— Work to be completed —
What is needed is an exact reproduction of the lines from the one that contains "中小企業信用保證基金董事長蔡" through the end of the data, both included and nothing else, with pictures omitted.

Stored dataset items
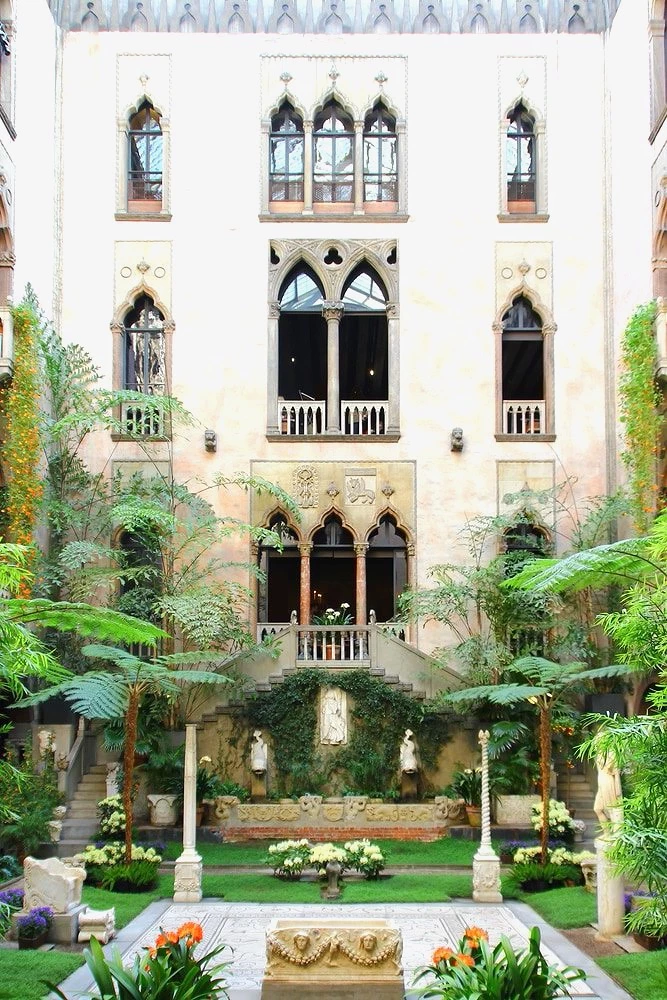 the Isabella Stewart Gardner Museum, housed in a Venetian style palace
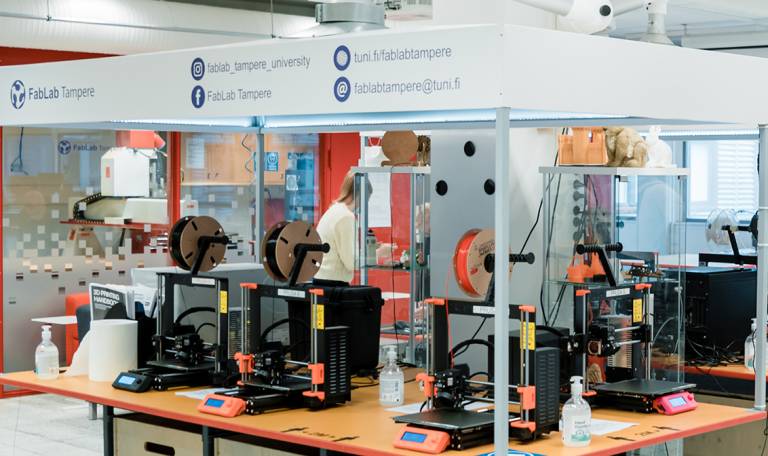 Valokuva FabLabin 3D printtereistä.
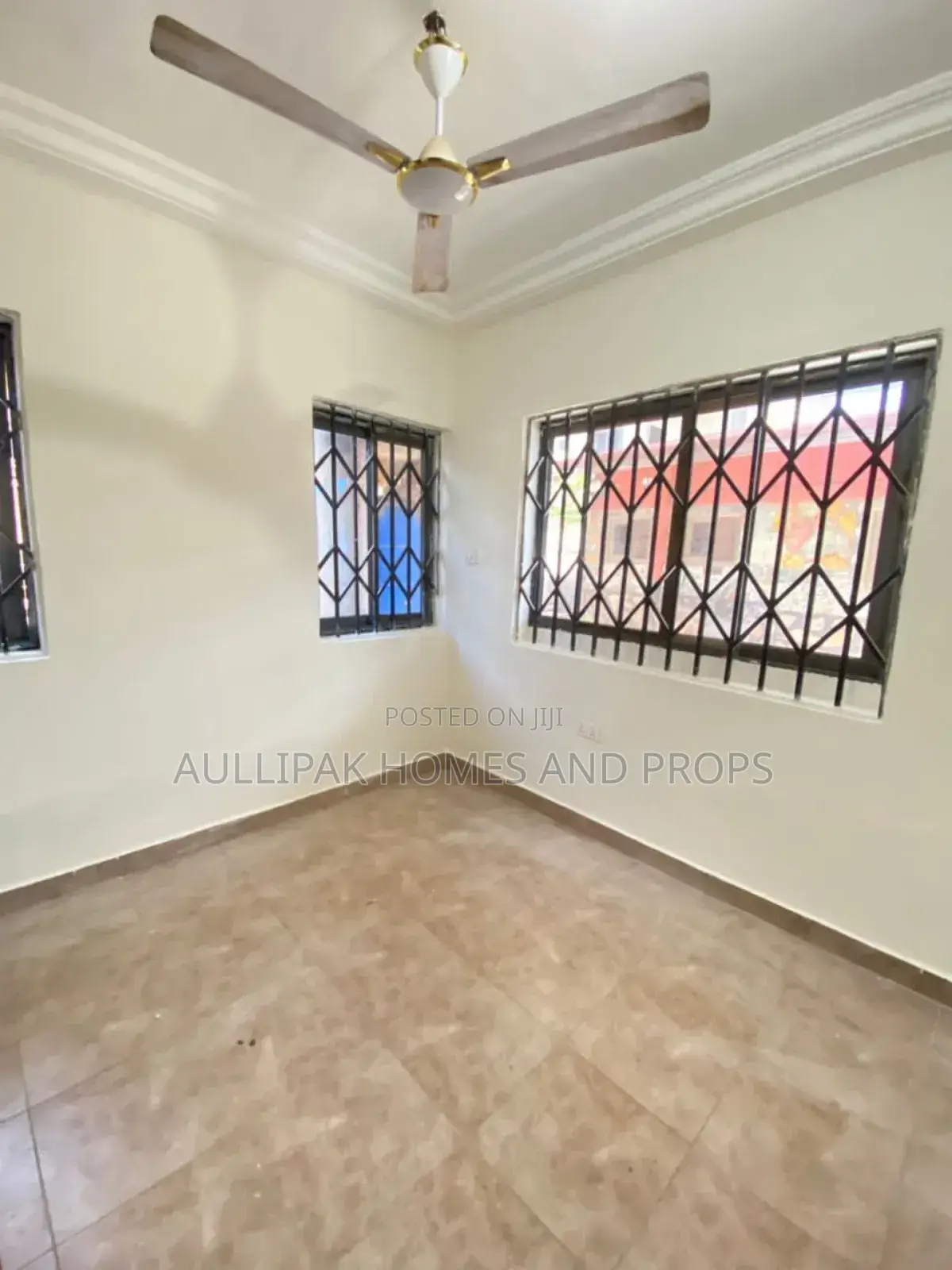 2bdrm Apartment in University Area, Lake Side Estate for rent
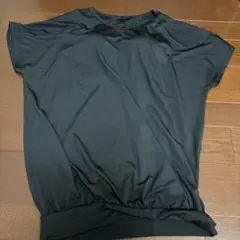 カップ付きTシャツ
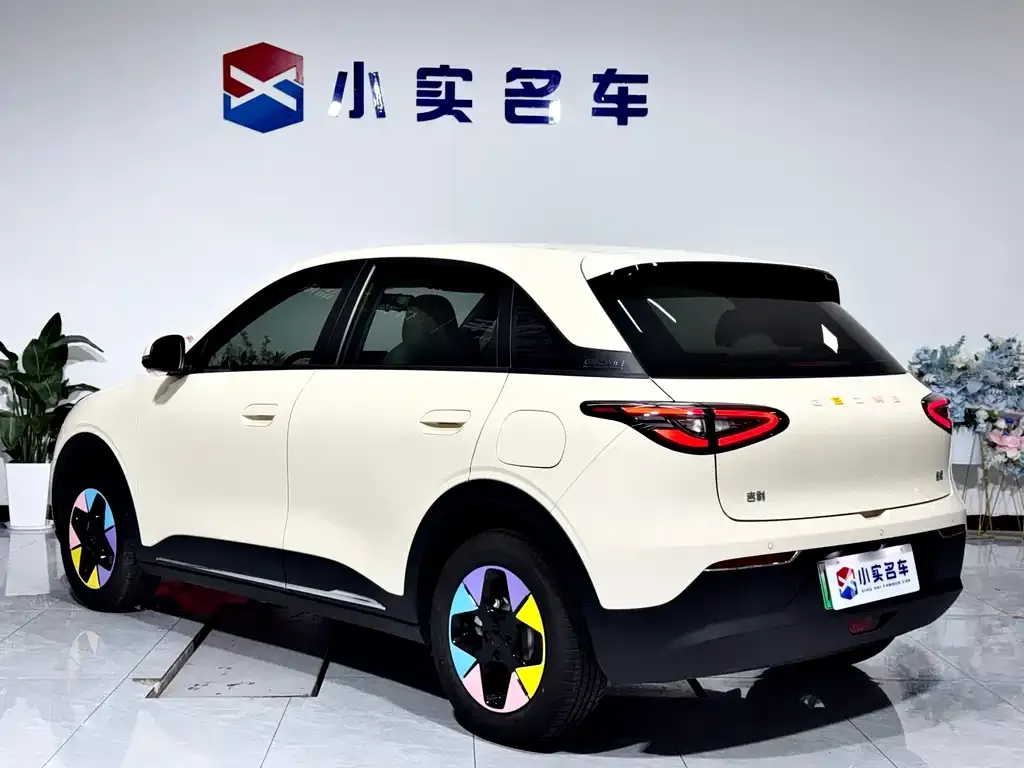 Geely Starburst — фото 9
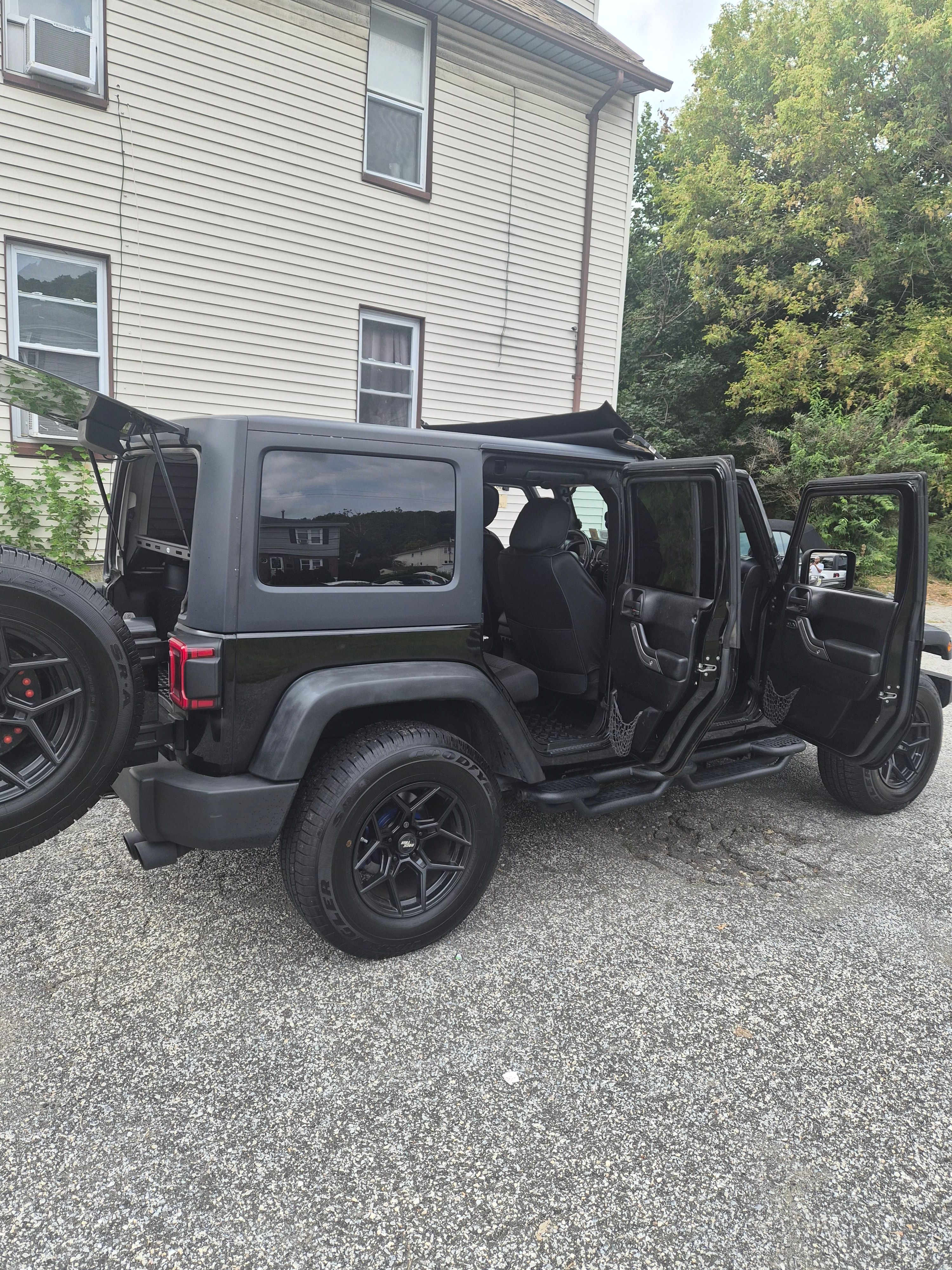 Used 2012 Jeep Wrangler Unlimited Sport AWD/4WD image 6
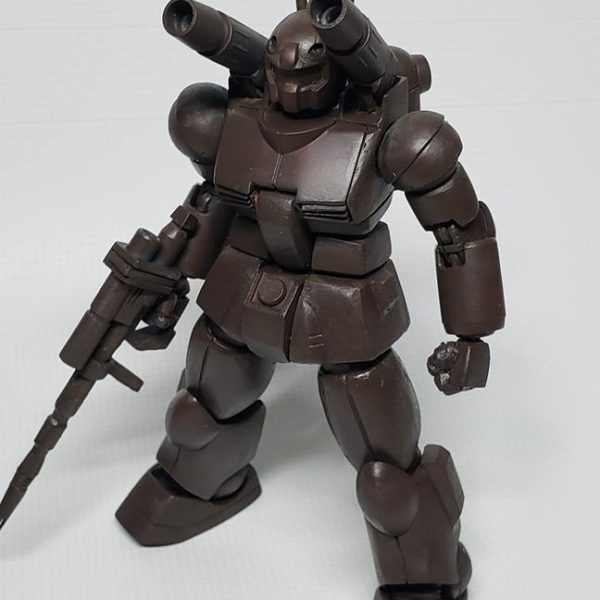 今回は、クレオスのマホガニーサーフェーサーを使用しています。 HGUCリバイブ版をベースに、アニメ版ガンキャノンを再現したい。めぐりあい宇宙編に登場した108,109、そしてそれ以前の無印バージョンも再現したい。 手首パーツは種々用意。ライフルのスコープの有無を、差し替えで再現。ほぼ指摘されていないが、劇場版ガンダム哀戦士編でこのしゃがみ込みポーズのカットではスコープが描かれてません。作画ミスととはいえ、スコープが省略されていることでコンパクトにしゃがみ込むフォルムが決まっている印象があります。悪くないカットだと思えましたので再現可能なように差し替えパーツを用意しました。 詳細はブログで公開中ですので、ご興味を持たれた方は是非ご覧ください。 。・。・。・。・。・。・。・。・。・。・次回作へのモチベーションアップにつながりますので、いいね👍や、コメント、 ブログへのご訪問など、ぜひぜひお待ちしておりますm(__)m(5枚目)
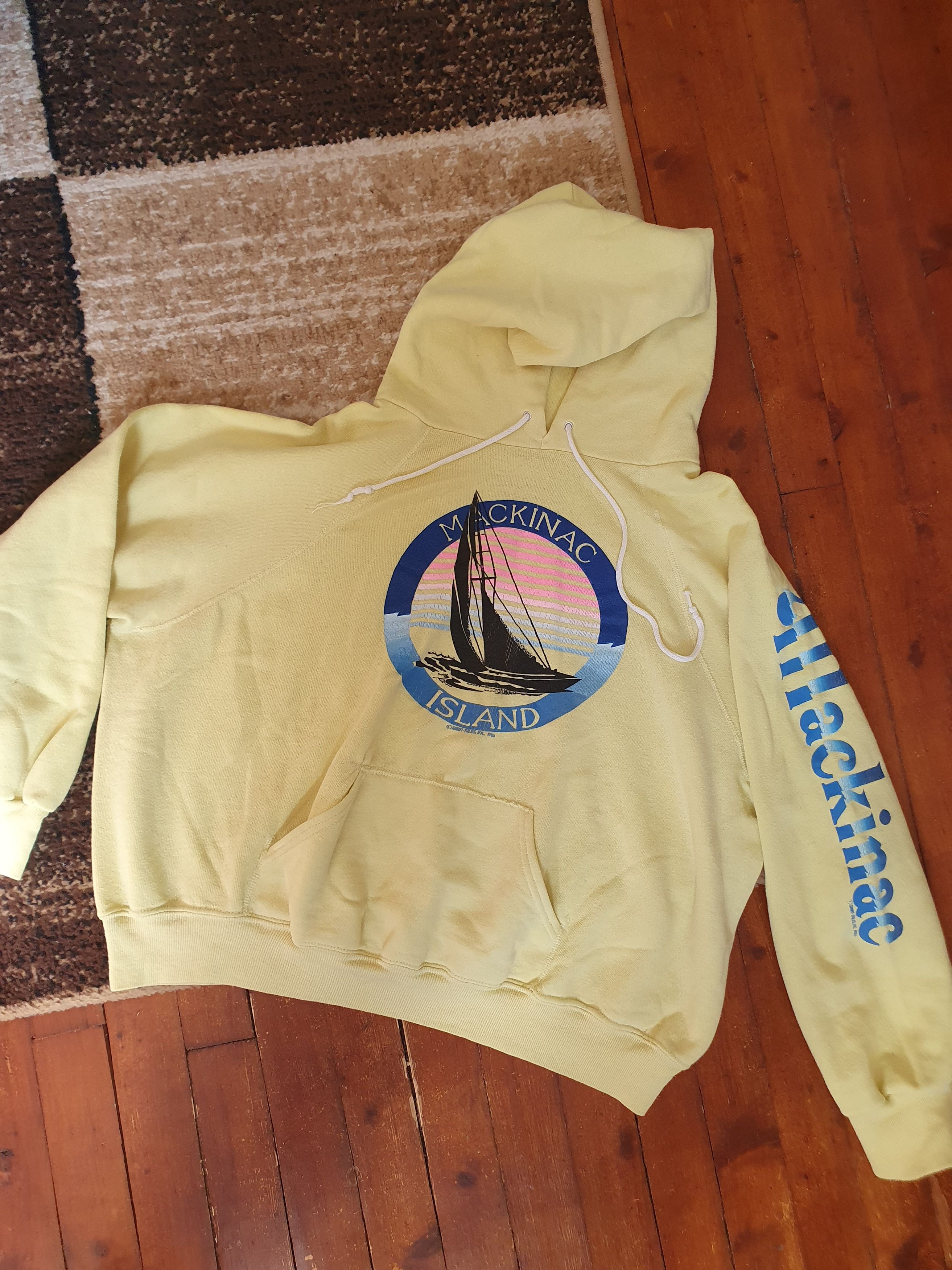 Vintage Mackinac Island Vtg 1986 Made in USA SWAG hoodie sz M? Size US M / EU 48-50 / 2 - 15 Thumbnail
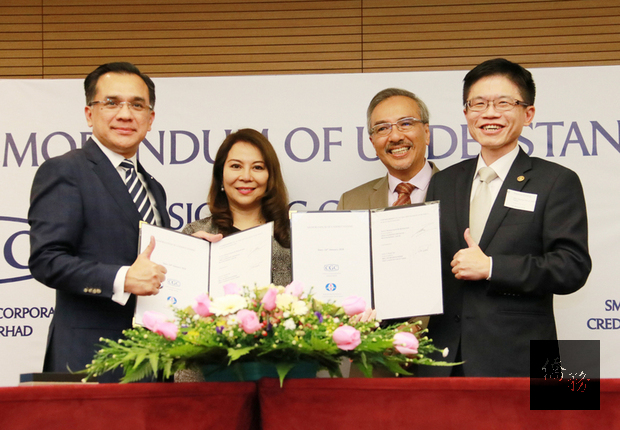 中小企業信用保證基金董事長蔡憲浩（右）本週率團前往馬來西亞，24日與馬來西亞信用保證公司（CGC）簽署合作備忘錄，未來擬合作建立跨境保證專案。（中小信保基金提供）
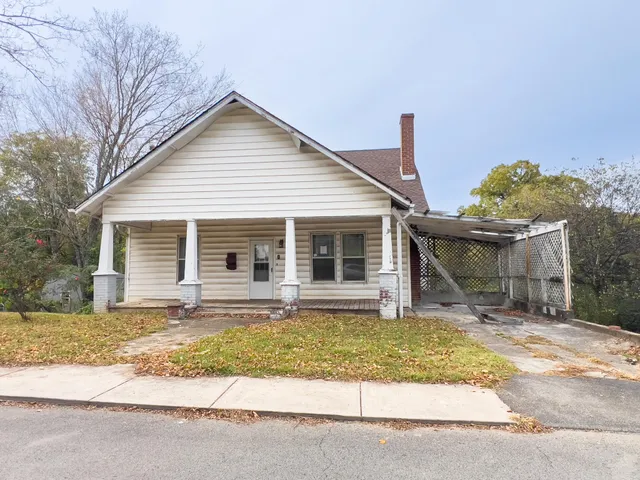 1202 Georgia Avenue, Athens, TN 37303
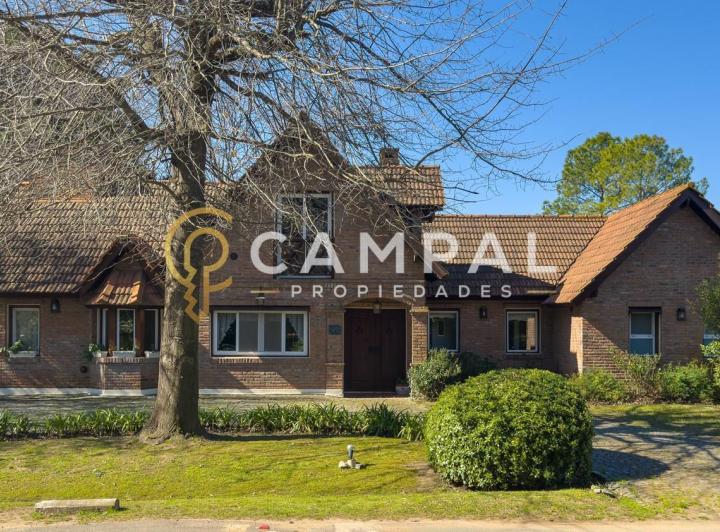 Casa · 250m² · 6 Ambientes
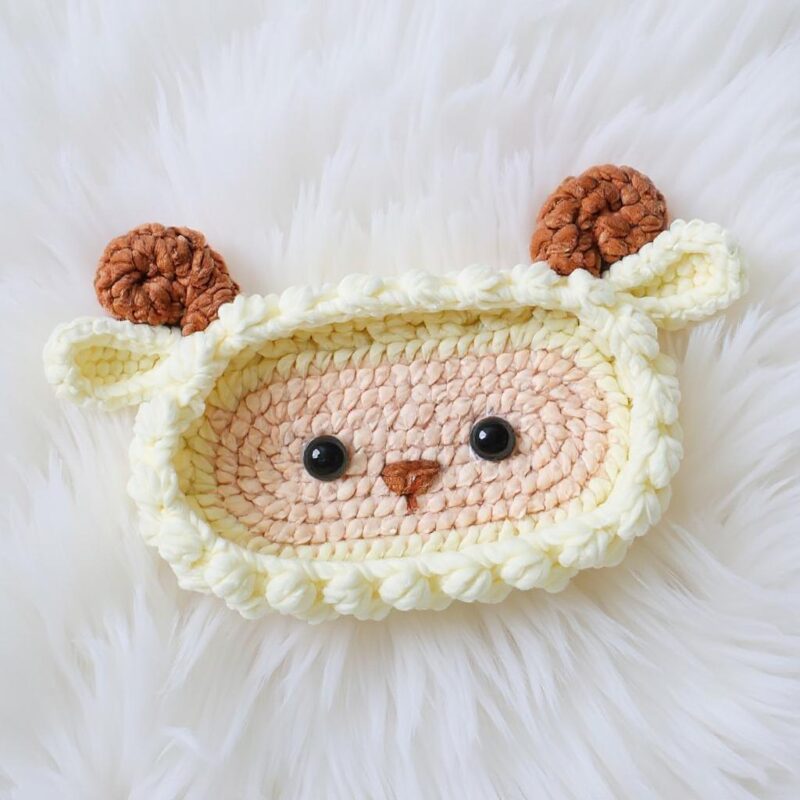 Sheep Eyeglasses Holder Amigurumi Crochet Pattern - Adorable DIY Spectacle Stand - Instant Download PDF - Image 3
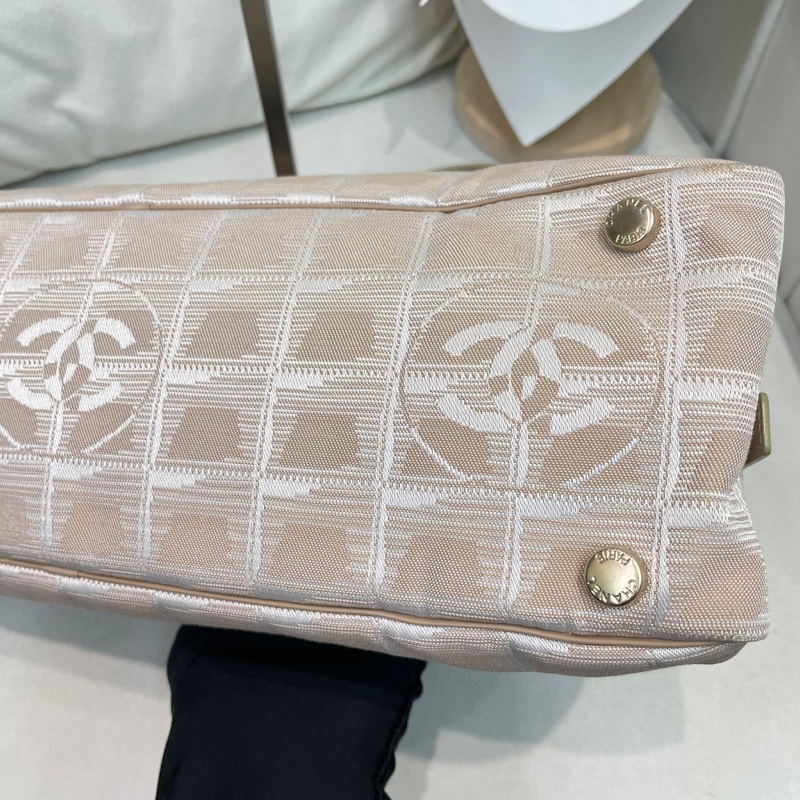Chanel 奶茶色冰格 手拎袋 XB507-18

— Written solution —
 中小企業信用保證基金董事長蔡憲浩（右）本週率團前往馬來西亞，24日與馬來西亞信用保證公司（CGC）簽署合作備忘錄，未來擬合作建立跨境保證專案。（中小信保基金提供）
 1202 Georgia Avenue, Athens, TN 37303
 Casa · 250m² · 6 Ambientes
 Sheep Eyeglasses Holder Amigurumi Crochet Pattern - Adorable DIY Spectacle Stand - Instant Download PDF - Image 3
Chanel 奶茶色冰格 手拎袋 XB507-18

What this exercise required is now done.